The program made me wonder,
If I had a decade of dancing for and with Trisha Brown as my box
of crayons, what would I color? 1987's "Sylt," 1999's "Ore" and
the premiere of "Torse" escape the lines of Trisha's coloring book
in a trajectory from post-Brown to "Who is Wil?--What has he got?"
I first watched Swanson
in the mid- to late-80's when Minneapolis's New Dance Ensemble played
Washington, DC. I remember him, swimsuit-clad, in an erotic, astute
work of Ralph Lemon's that blew me away. Later I took a week of
his technique class as part of a workshop with Ms. Brown in Baltimore....
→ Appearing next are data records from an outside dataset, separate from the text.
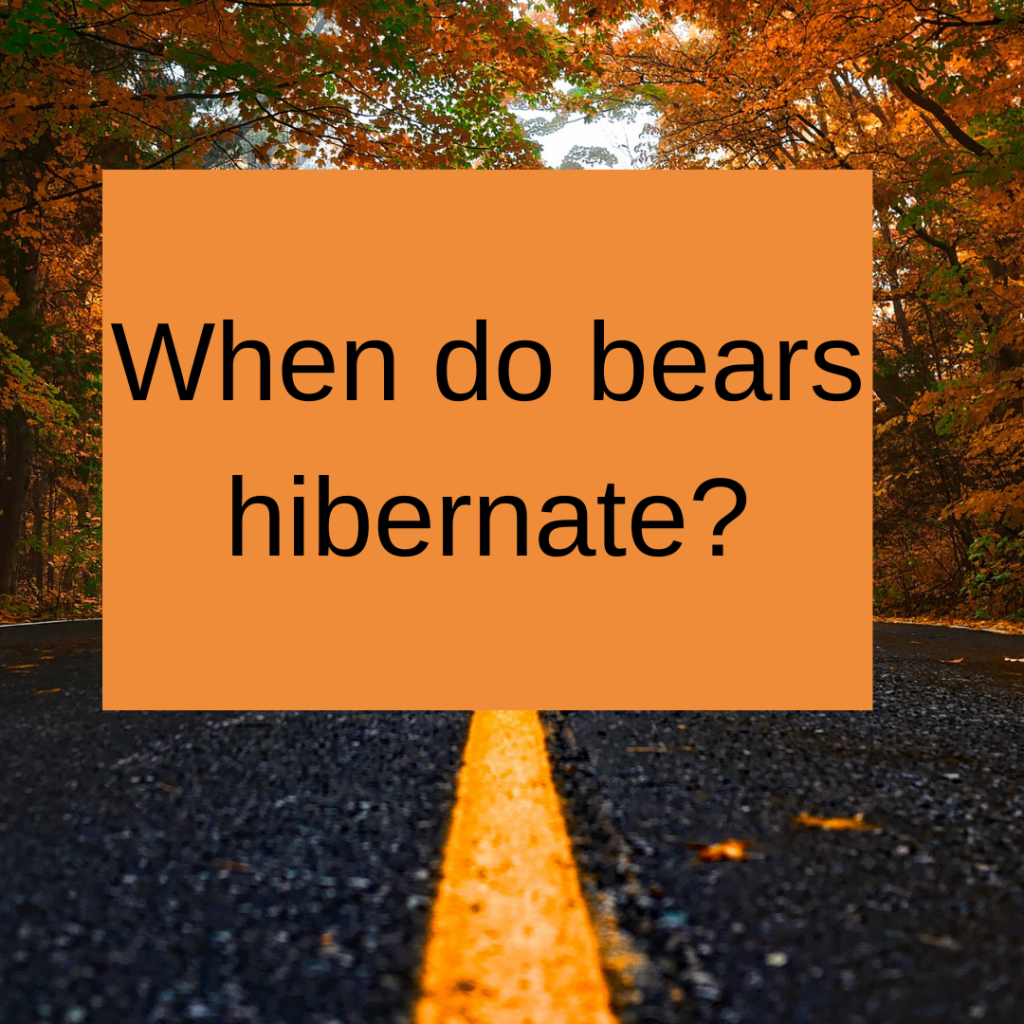 When do bears hibernate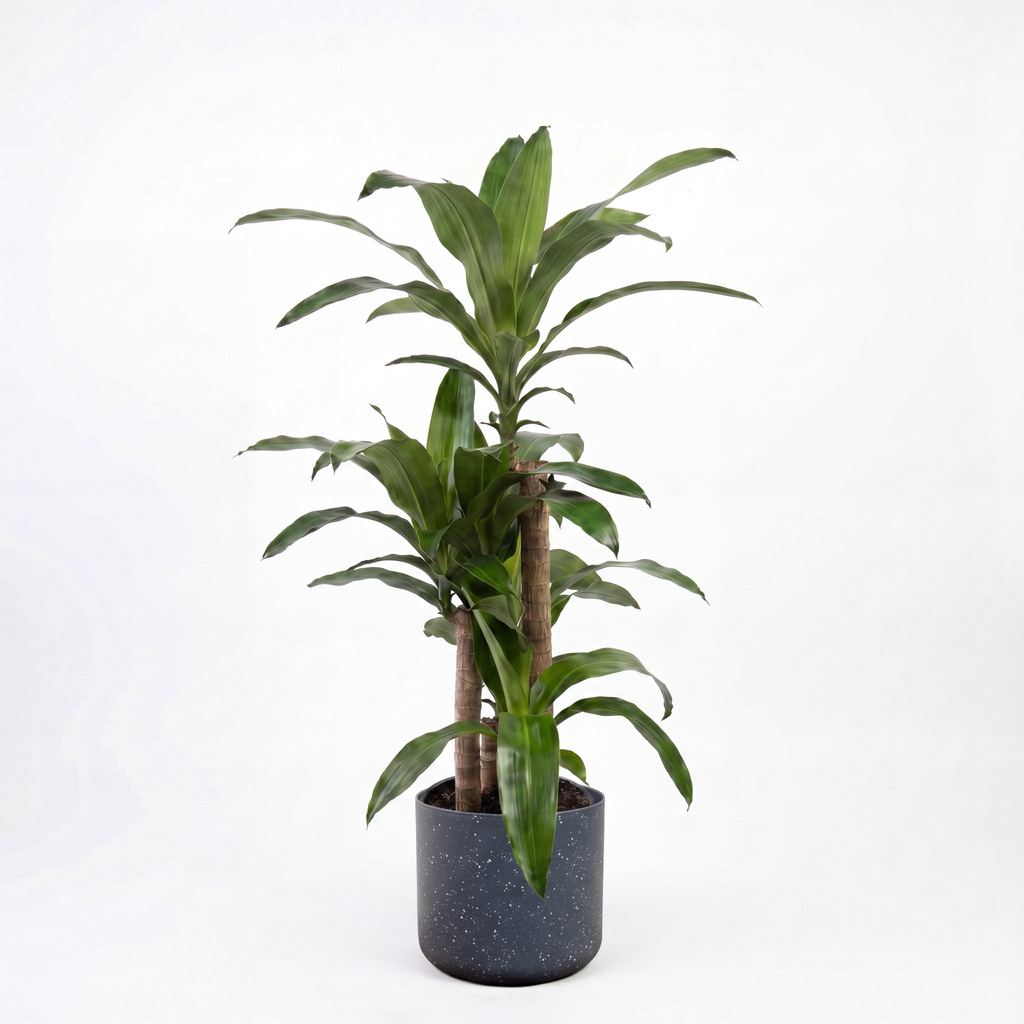 Medium Dracaena Happy Plant - Green with Mia Pot - Charcoal Speckle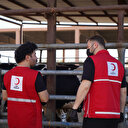 Türk Kızılay Irak'ta ihtiyaç sahibi ailelere dokuz tonluk kurbanlık et bağışlayacak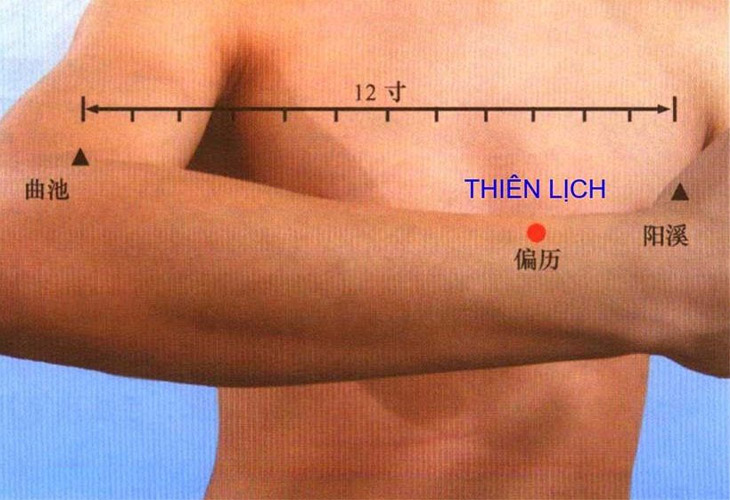 Huyệt Thiên Lịch còn được gọi là Thiên Phủ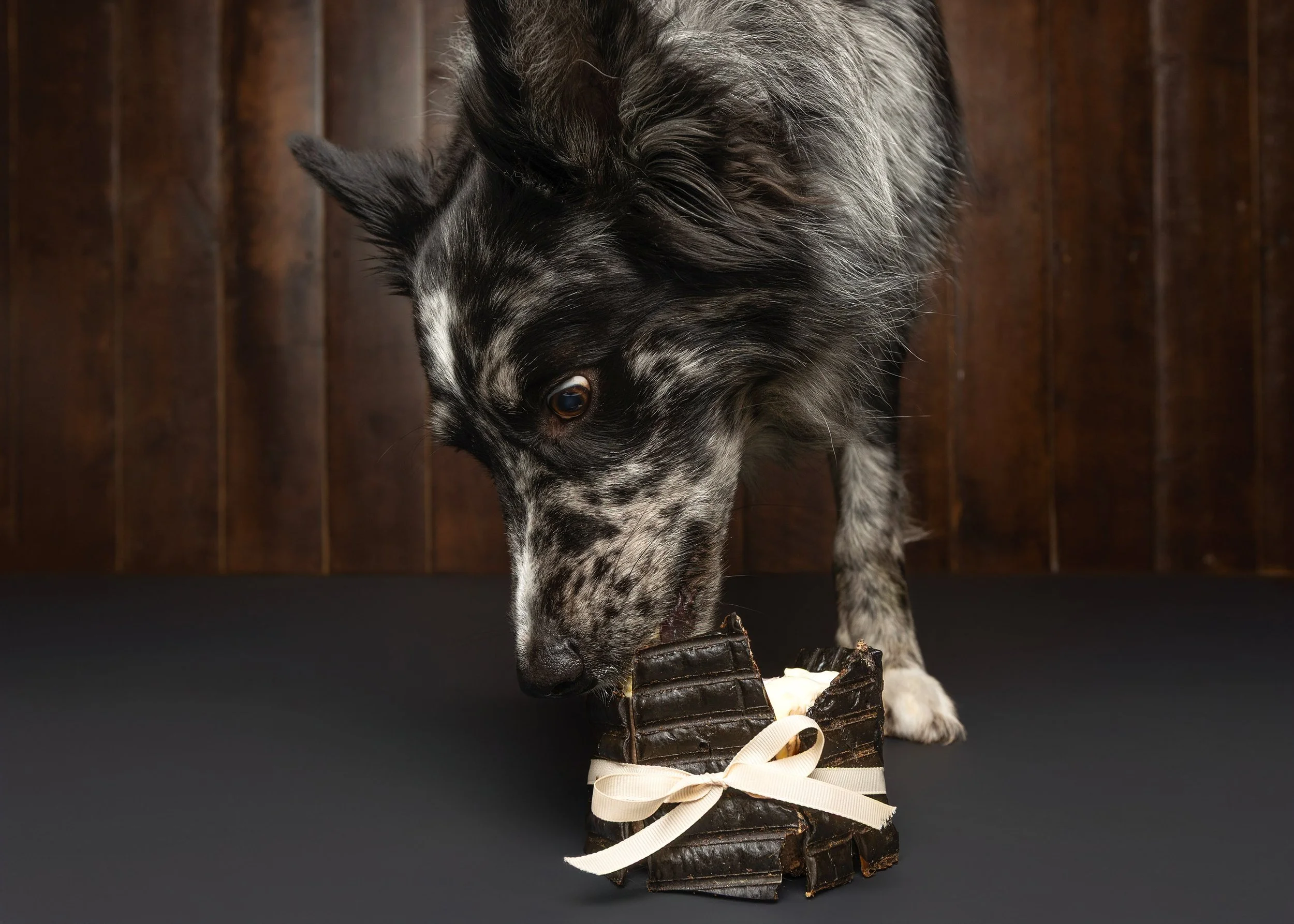 Dog Cake Smash Adelaide -07.jpg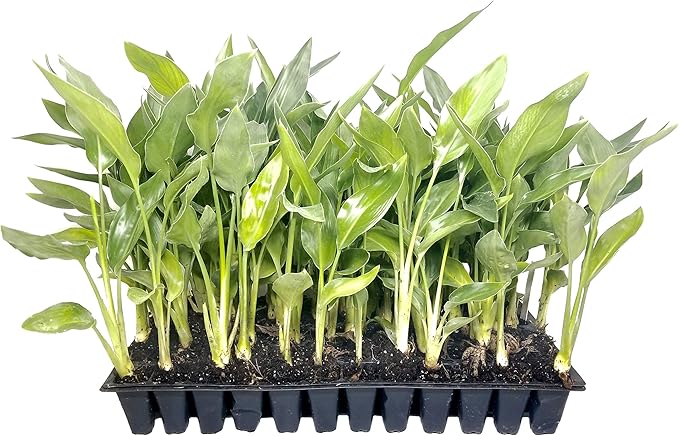 Yellow Bird of Paradise | 10 Live Plants | Mandela's Gold | Strelitzia Reginae | Beautiful Rare Foliage Specimen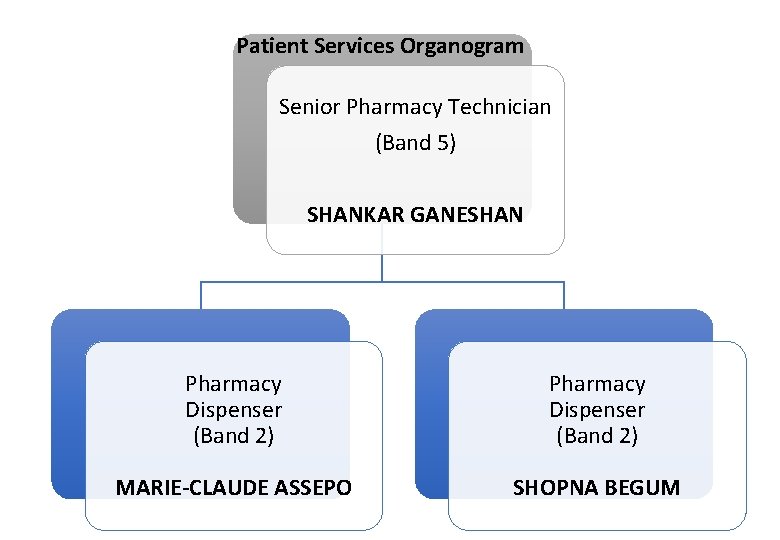 Patient Services Organogram Senior Pharmacy Technician (Band 5) SHANKAR GANESHAN Pharmacy Dispenser (Band 2)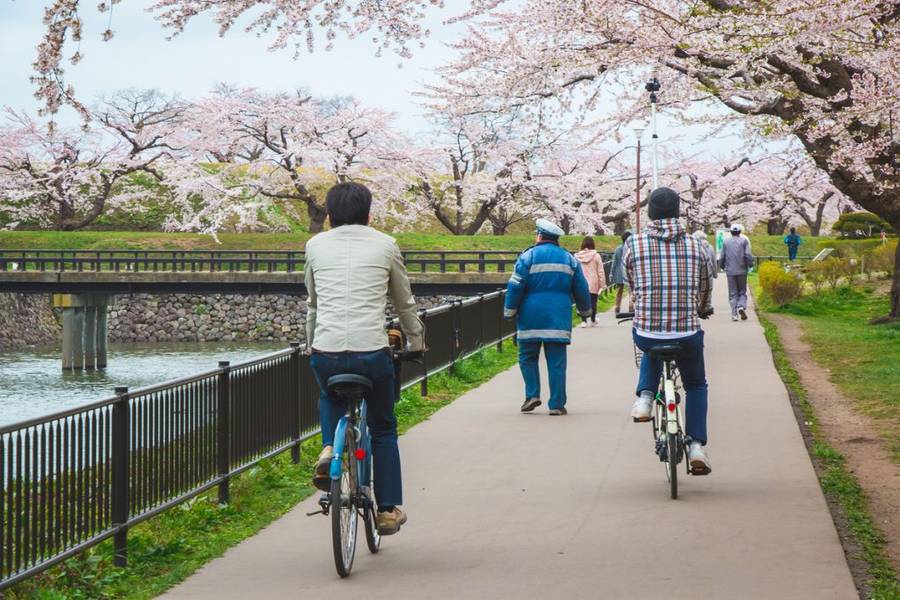 Mọi người đạp xe trong công viên có nhiều hoa anh đào tuyệt đẹp ở Hakodate. | Mùa hoa anh đào Nhật Bản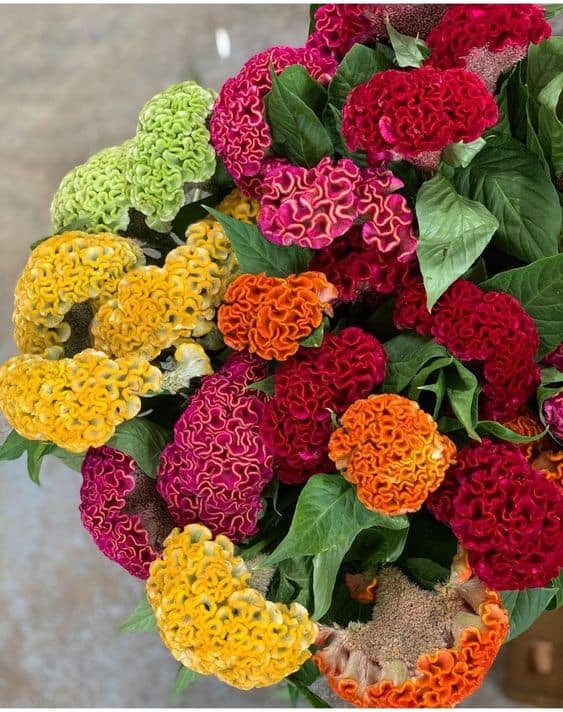18 cores de flores crista de galo Pinterest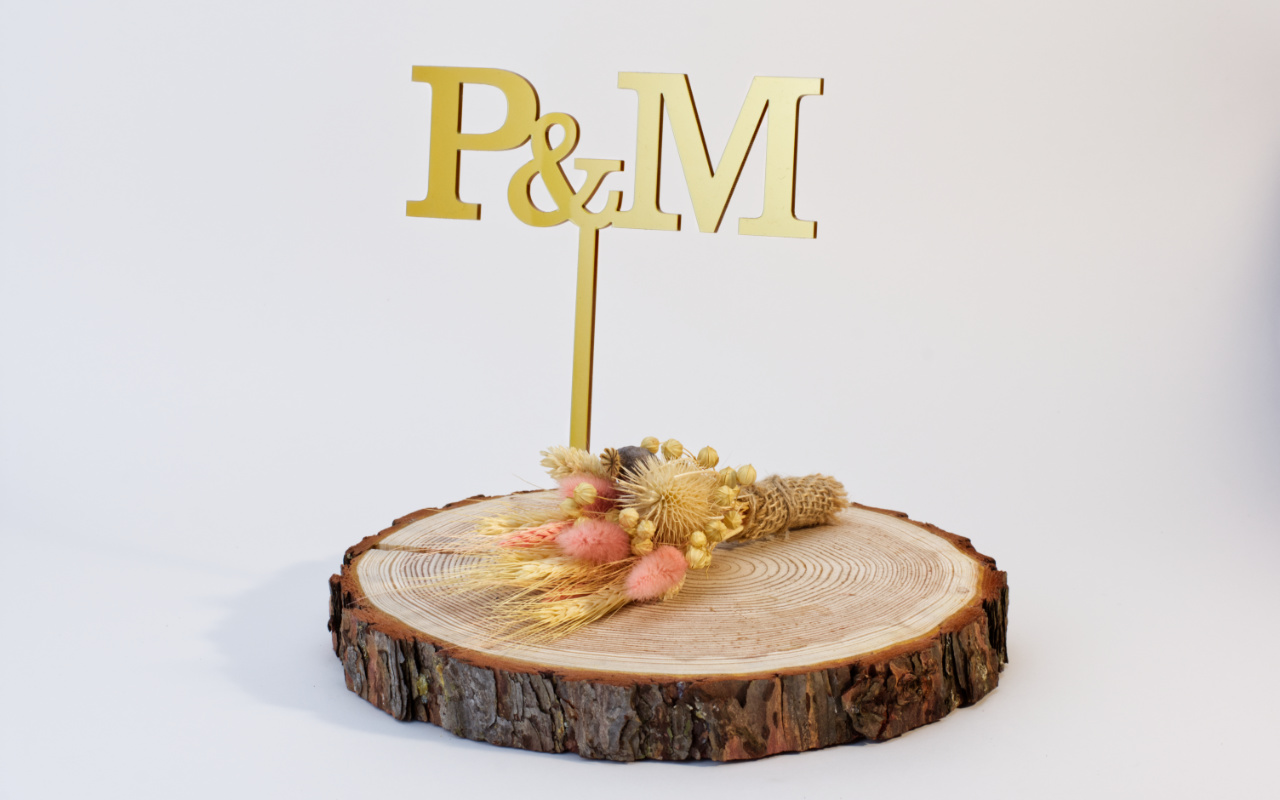 Obrázek inicialy zapich galerie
It must have been 1992 or '93. I admit to suffering a crush that
wasn't sure if it wanted to have him or be him. So part of me feels
I know him a little, and that part of me was rewarded but not surprised
by a choreographic vocabulary generous with the kinds of nooks and
crannies that define dancers' careers.
The phrases of "Sylt,"
performed to a score by Devon Carey that seethes like a rave of
bees, saturate Joyce Soho's tidy stage with both shape and flow
within a structure that constantly expands, but is scented with
a 13-year-old Trisha-esque derivation that looks Petroniony. "Ore"
absorbs that lineage and explores more deeply the qualities of each
dancers' attack. A gesture's path, rather than its destination,
commands inquiry and interrupts delivery. An attention to presence
stamps the work as uniquely Wil's. About halfway through, oiled
and sweating, the cast seems to forget themselves as they fulfill
Swanson's spatial complexity and his specificities of tactile detail
and visual correspondence. The incessancy of his invention bites
At first, Corelli's "Concerti
Grossi Op. 6" struggles with "Torse." Then it suits it, swells it;
then it doesn't; then it does. Swanson finds the quirks embedded
in Corelli's arithmetic while his dancers extend beyond their skins.
When they touch themselves and each other in ways that suggest aura-inquisitive
or chakra-healing, they transcend granola-crunchy by simply and
profoundly not "doing" energy-flow, but BEING it. Their adagio enhances
Swanson's experiments with the playing field's depth and width.
The program says Danceworks's
"repertory is known for elegantly crafted works, dynamic energy,
abandon, serenity, complexity and drama." I say, "Yep, uh huh, all
that, with bells on. So get your asses over there."